One of the initial uses for an enterprise data hub is to offload processing and data storage from more expensive systems. For example, a data hub can act as an offload area for the Extract, Transform and Load (ETL) processes that prepare data for analysis within data warehouses. Instead of loading large volumes of raw data into a data warehouse and performing complex transforms there (an ELT process), significant speed and cost savings can be realised by performing the transformations directly on the Hadoop cluster.
Offloading to Hadoop
Additional savings are realised by offloading ‘cold’ data from a data warehouse. The typical cost per terabyte of data contained in a data warehouse is £10,000 and more. In contrast, data can be offloaded to Hadoop for a few hundred pounds, as long as the Hadoop platform has the requisite data availability and protection features so that the data can be stored long-term with confidence.
An enterprise data hub can also support a range of analytics that are performed directly on the data. In essence, Hadoop allows you to load all these different data sets into an expandable cluster of servers and then distribute computational, analysis or indexing workloads across the different servers and data sets. These are applications that combine operational processing as well as analytics to solve a pressing business problem.

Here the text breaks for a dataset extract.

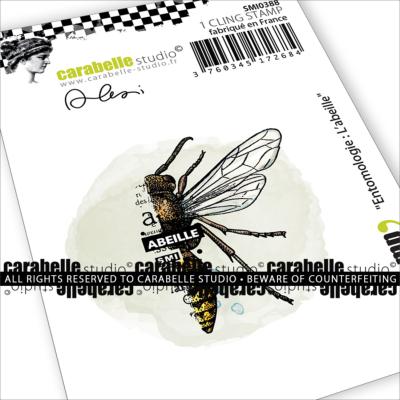 Tampon Mini : Entomologie : L’abeille by Alexi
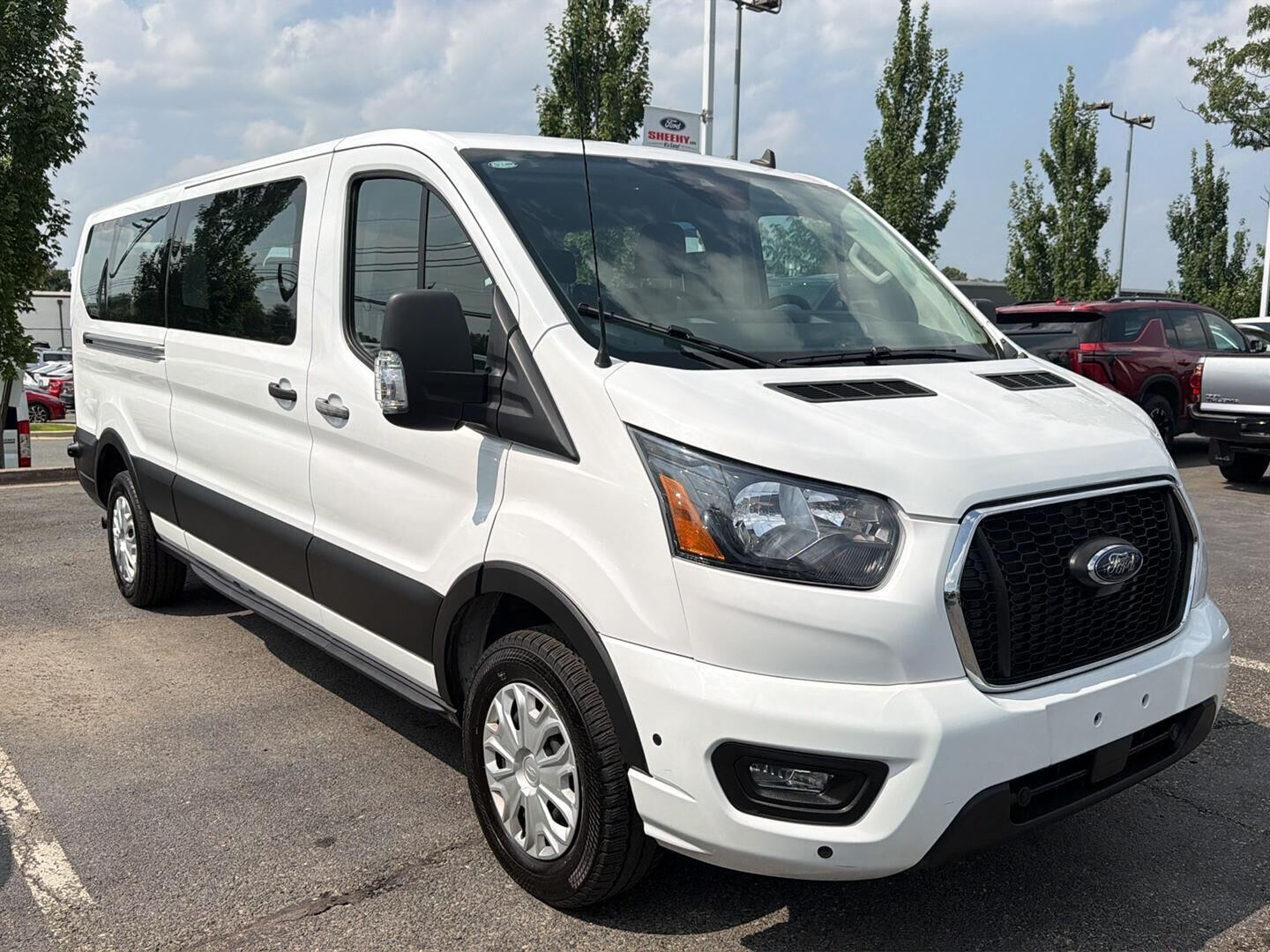 2024 FORD Transit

Business intelligence & behavioural insights
For example, the digital marketing intelligence provider ComScore, uses Hadoop to process over 1.7 trillion internet and mobile records every month. ComScore uses this data to produce reports that allow its clients to gain behavioural insights into their mobile and online customers. The move to Hadoop removed several key bottlenecks resulting in a tenfold increase in computation speed.
Another example is Cisco which uses Hadoop as part of its business intelligence processes across large, globally distributed data sets, including structured and unstructured information. The complete infrastructure solution focused around Hadoop lets Cisco analyse service sales opportunities in a tenth of the time and at a tenth of the cost, and to generate $40 million in incremental service bookings in the last year.
It’s no accident that organisations such as ComScore and Cisco have invested in Hadoop as the basis for platforms capable of delivering new insights. The tangible cost benefits, reduction in complexity and ability to scale are all key benefits of the data hub and compelling reasons to examine the Hadoop technology.
Jack Norris is the CMO of MapR Technologies.